[THE PROBLEM]
Reproduce only the lines below from the line containing "Natural Capital Accounting" to the line containing "Hand-drawn watercolor leaf", exactly as written, with both end lines kept. Omit the pictures.

[INFORMATION SUPPLIED]
□ □ □ □ □
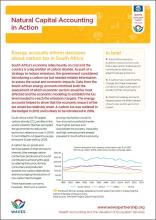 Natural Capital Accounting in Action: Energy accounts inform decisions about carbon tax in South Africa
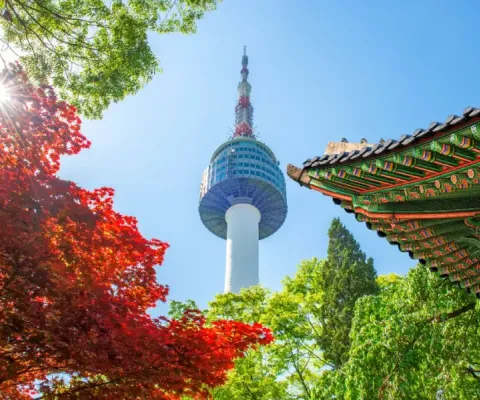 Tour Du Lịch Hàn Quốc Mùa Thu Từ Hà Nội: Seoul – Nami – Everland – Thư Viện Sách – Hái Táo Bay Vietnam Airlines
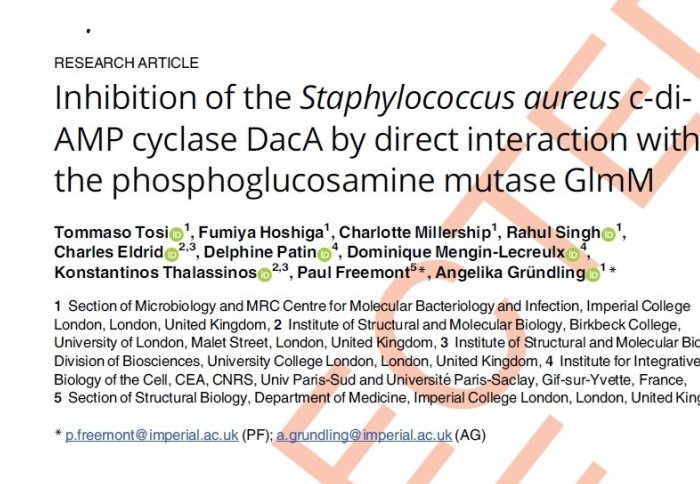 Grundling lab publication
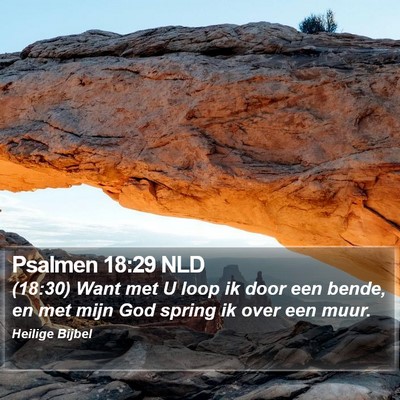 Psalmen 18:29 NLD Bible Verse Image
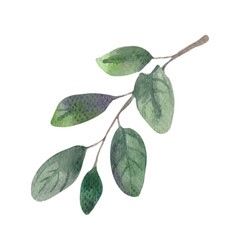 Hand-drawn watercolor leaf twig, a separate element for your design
□ □ □ □ □
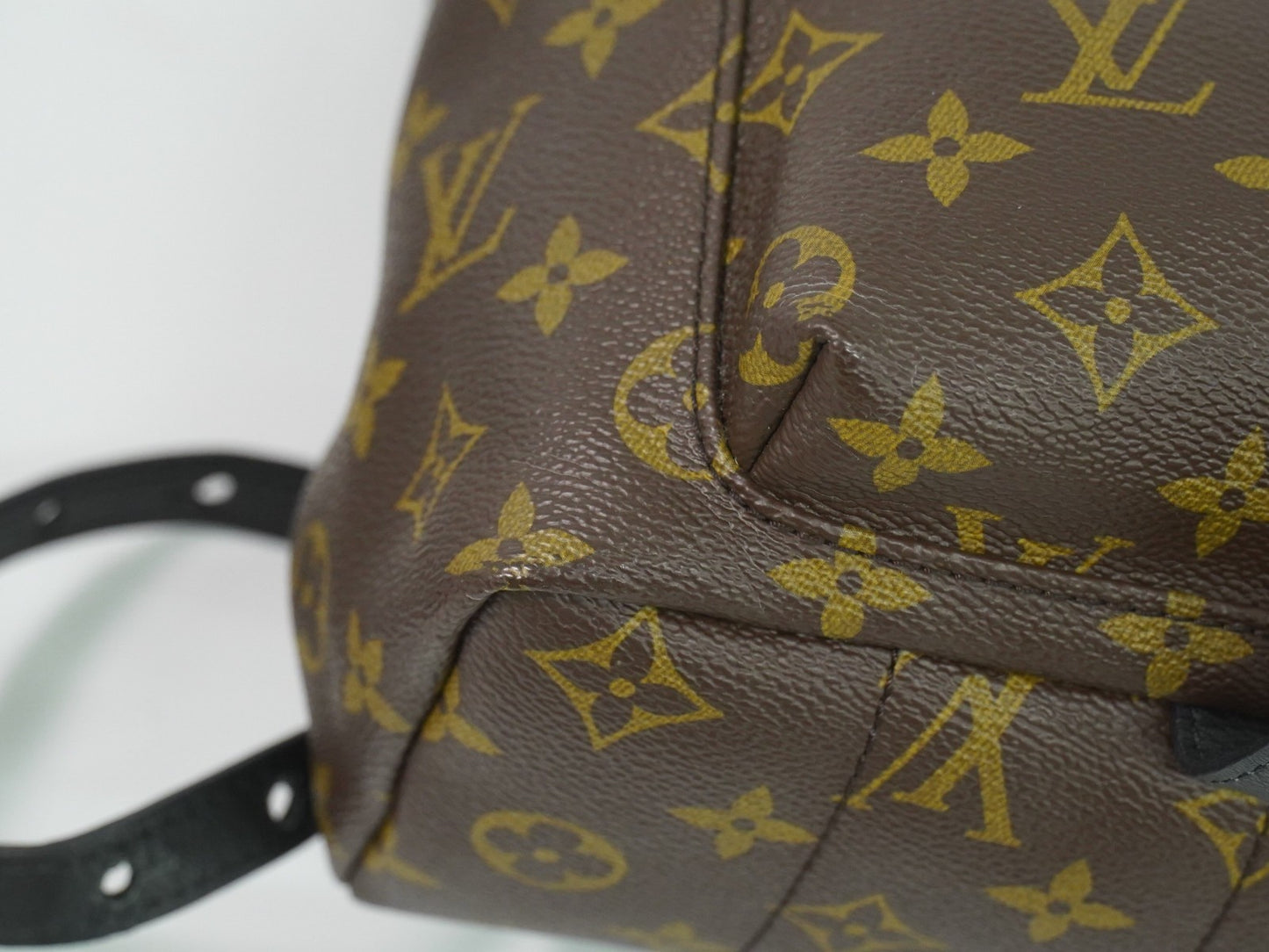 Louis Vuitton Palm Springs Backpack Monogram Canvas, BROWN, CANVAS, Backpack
□ □ □ □ □
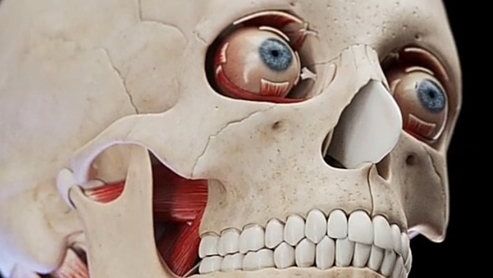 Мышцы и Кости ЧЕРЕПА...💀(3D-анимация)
□ □ □ □ □
[FINISHED EXERCISE]
 Natural Capital Accounting in Action: Energy accounts inform decisions about carbon tax in South Africa
 Tour Du Lịch Hàn Quốc Mùa Thu Từ Hà Nội: Seoul – Nami – Everland – Thư Viện Sách – Hái Táo Bay Vietnam Airlines
 Grundling lab publication
 Psalmen 18:29 NLD Bible Verse Image
 Hand-drawn watercolor leaf twig, a separate element for your design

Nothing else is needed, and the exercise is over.